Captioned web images
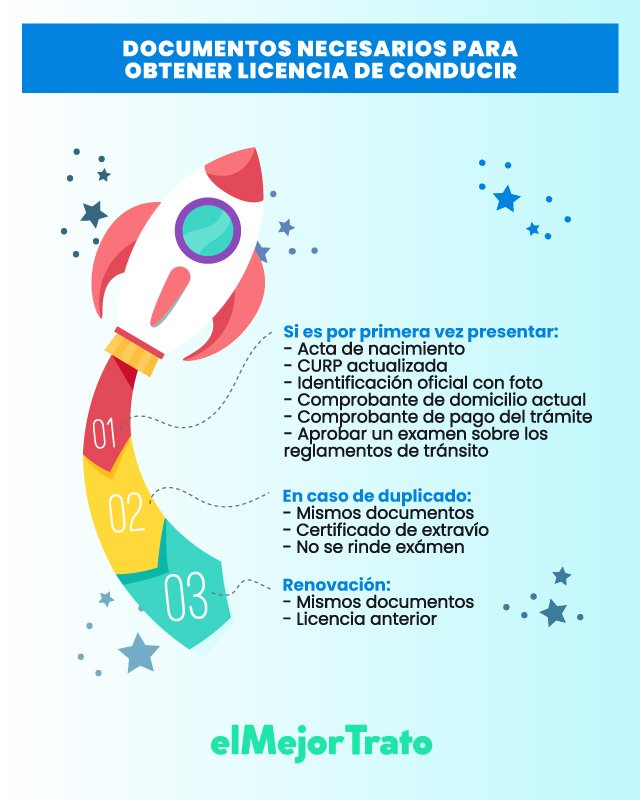 Todo lo que necesitas saber sobre la licencia de conducir en México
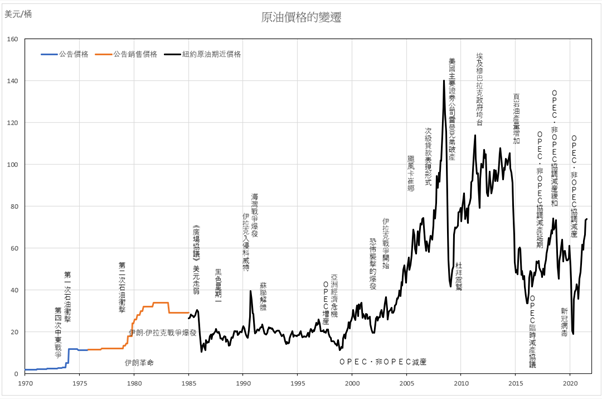 原油價格的變遷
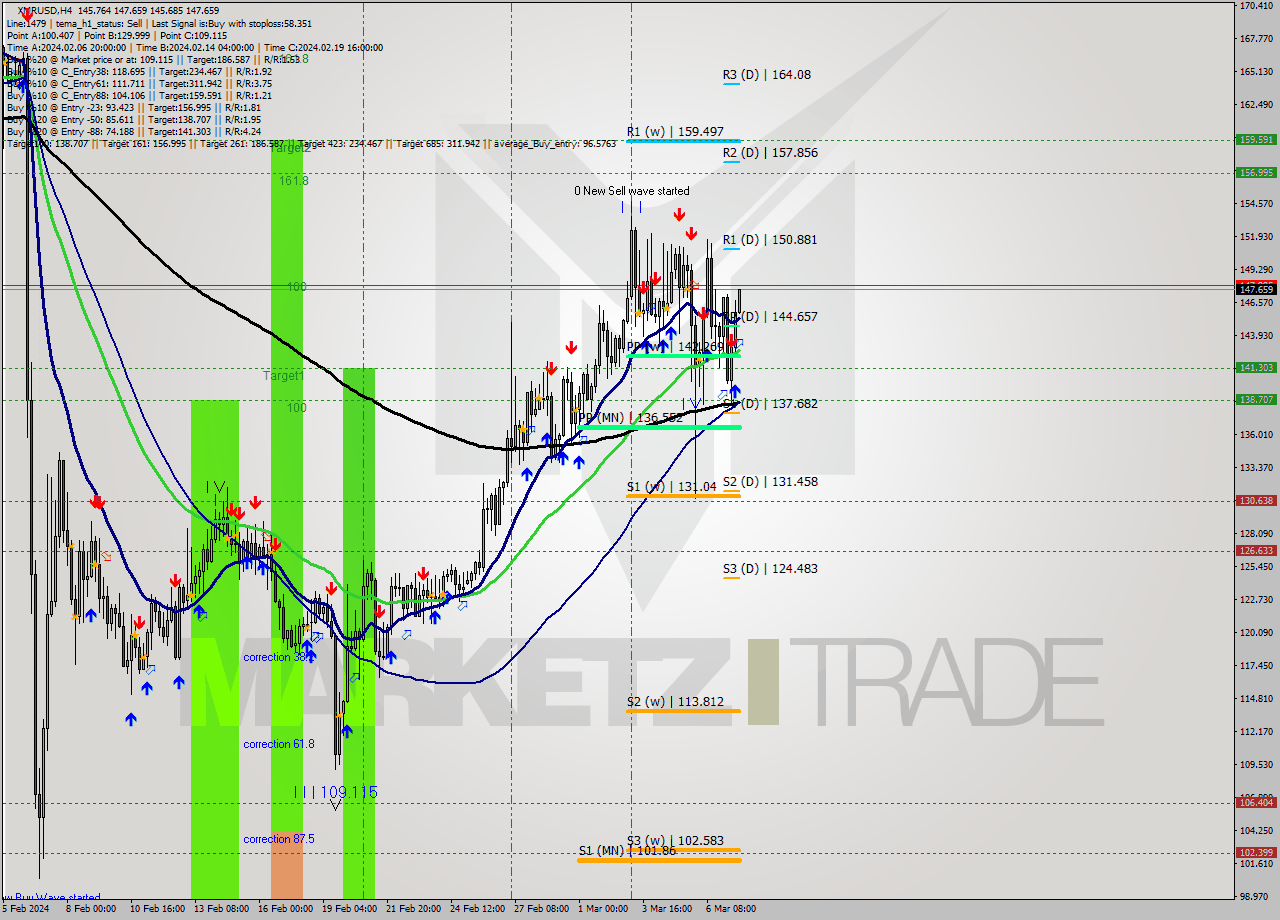 XMRUSD MultiTimeframe analysis at date 2024.03.07 17:00
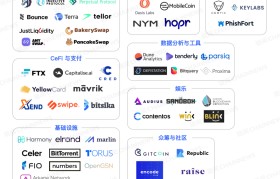 币安是什么平台(币安是什么意思做什么用的)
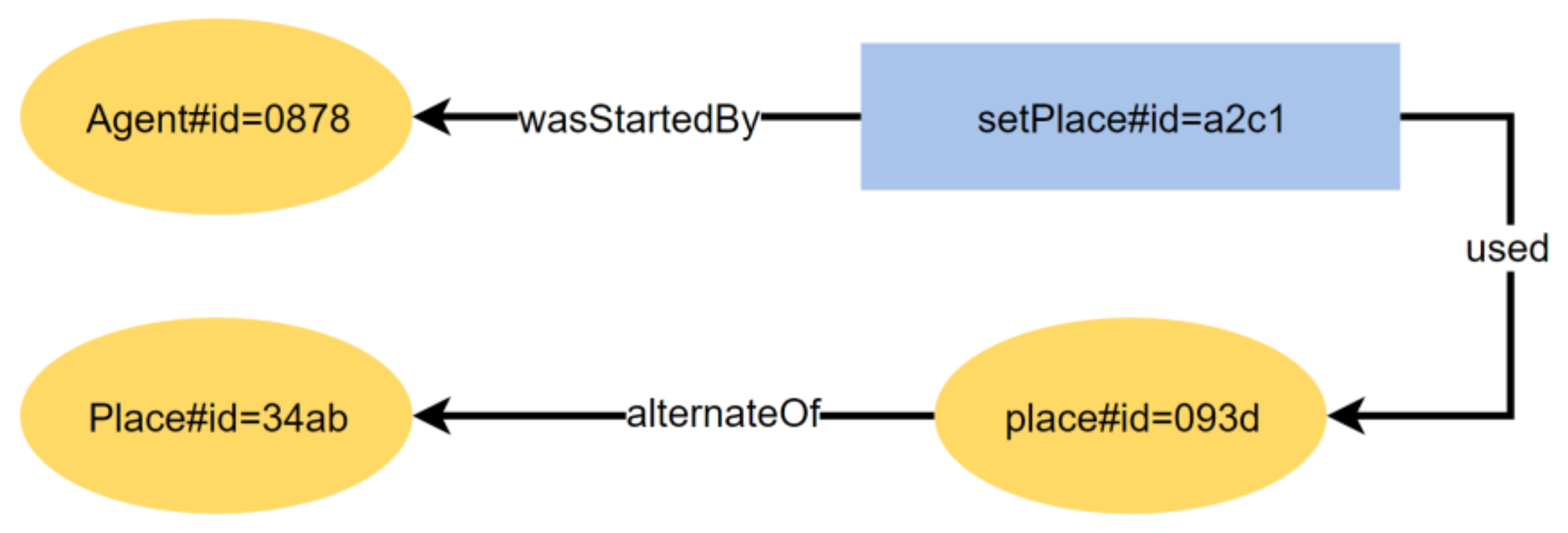 Informatics 05 00018 g015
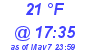 Milwaukee Weather Dewpoint High Low Today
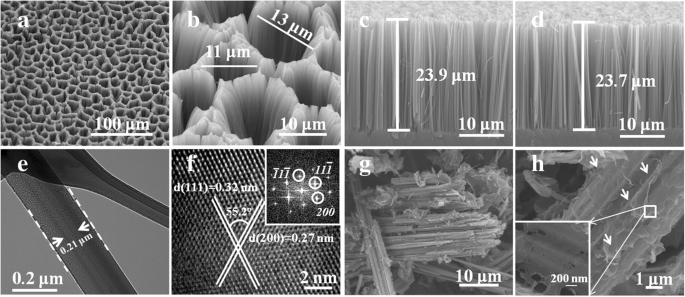 Enhanced Formaldehyde Detection at ppb Levels Using Reduced Graphene Oxide–Coated Silicon Nanowire Sensors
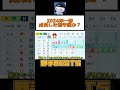 2024年パワプロ能力が一番成長した選手は誰か 野手BEST5 #shorts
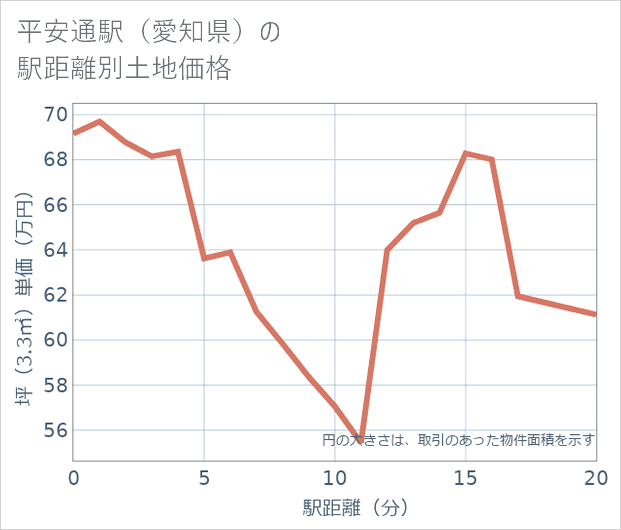 平安通駅(愛知県)の徒歩距離別の土地坪単価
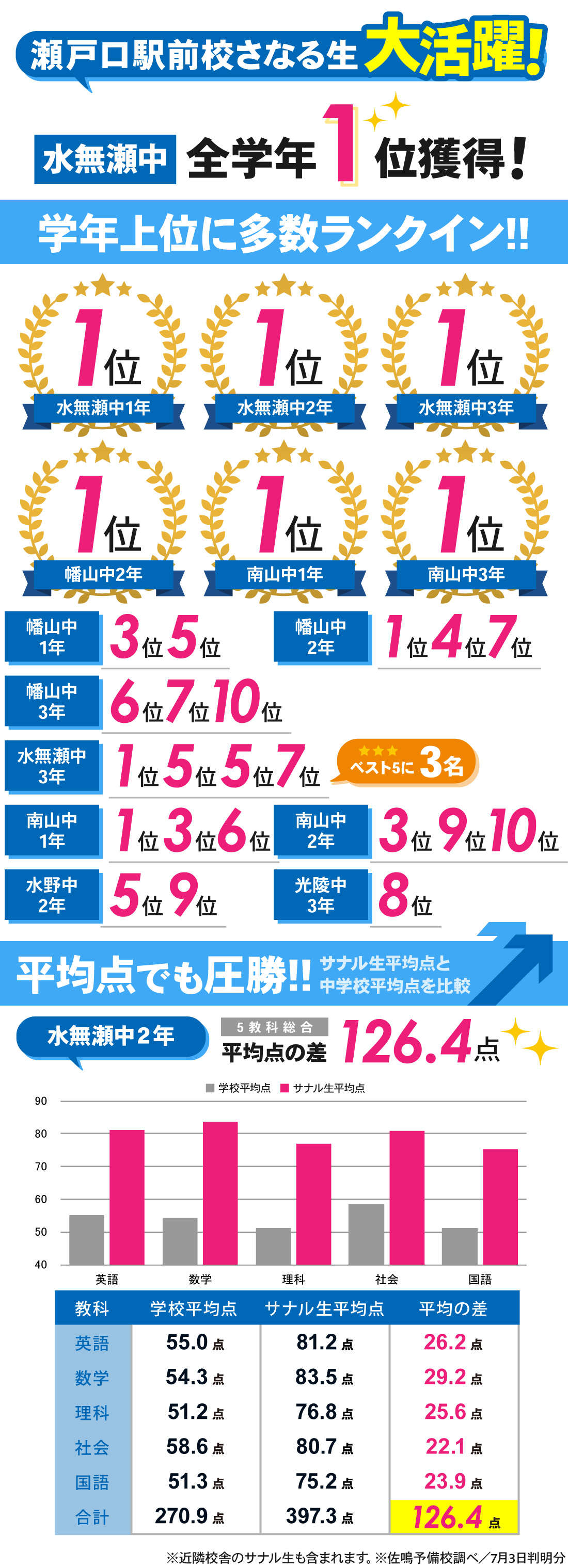 瀬戸口駅前校_1学期期末テスト結果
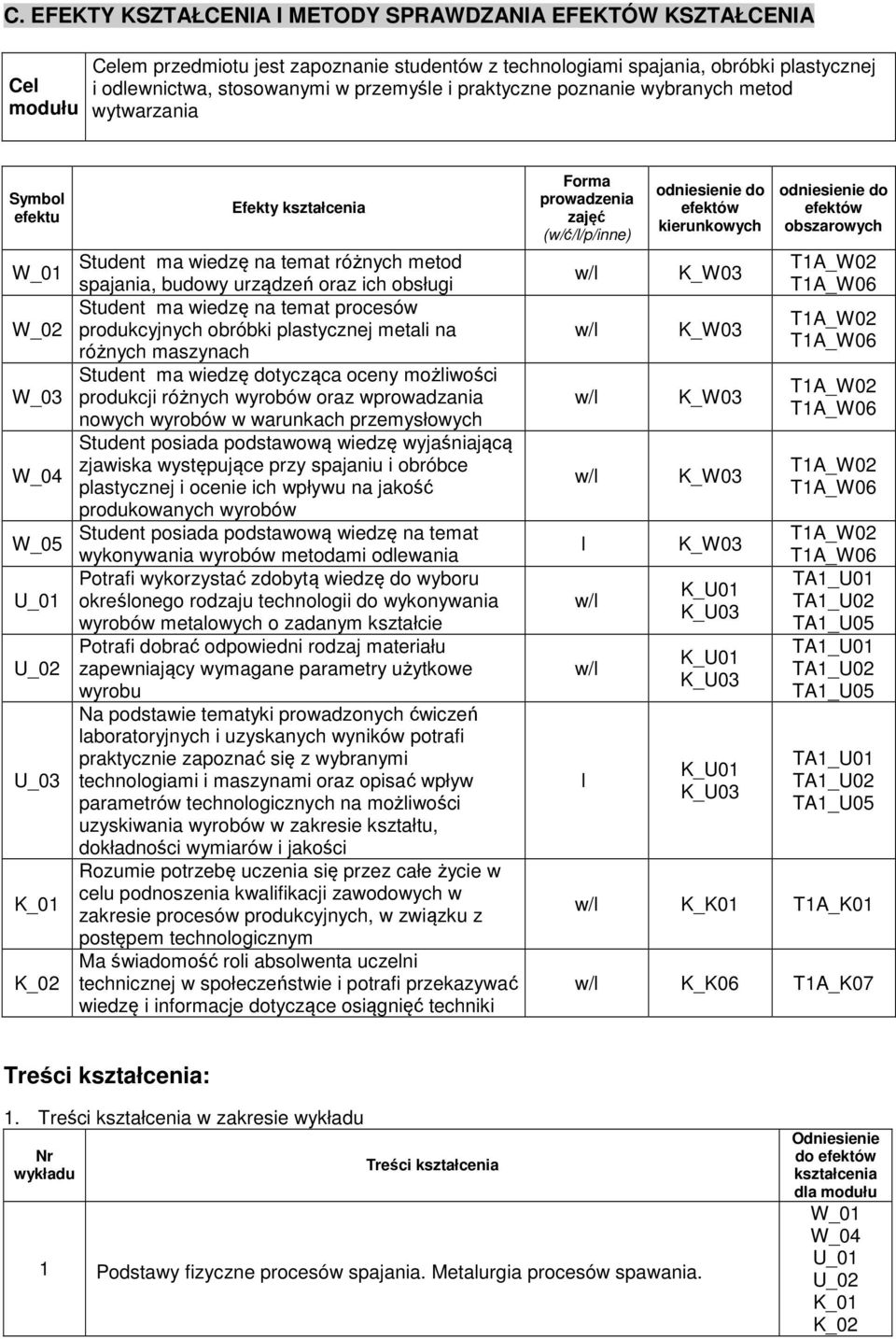 na temat procesów produkcyjnych obróbki plastycznej metali na różnych maszynach Student ma wiedzę dotycząca oceny możliwości produkcji różnych wyrobów oraz wprowadzania nowych wyrobów w warunkach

# Your instructions
The entries are to be written out again exactly, without their pictures.

# Task answer
 Todo lo que necesitas saber sobre la licencia de conducir en México
 原油價格的變遷
 XMRUSD MultiTimeframe analysis at date 2024.03.07 17:00
 币安是什么平台(币安是什么意思做什么用的)
 Informatics 05 00018 g015
 Milwaukee Weather Dewpoint High Low Today
 Enhanced Formaldehyde Detection at ppb Levels Using Reduced Graphene Oxide–Coated Silicon Nanowire Sensors
 2024年パワプロ能力が一番成長した選手は誰か 野手BEST5 #shorts
 平安通駅(愛知県)の徒歩距離別の土地坪単価
 瀬戸口駅前校_1学期期末テスト結果
 na temat procesów produkcyjnych obróbki plastycznej metali na różnych maszynach Student ma wiedzę dotycząca oceny możliwości produkcji różnych wyrobów oraz wprowadzania nowych wyrobów w warunkach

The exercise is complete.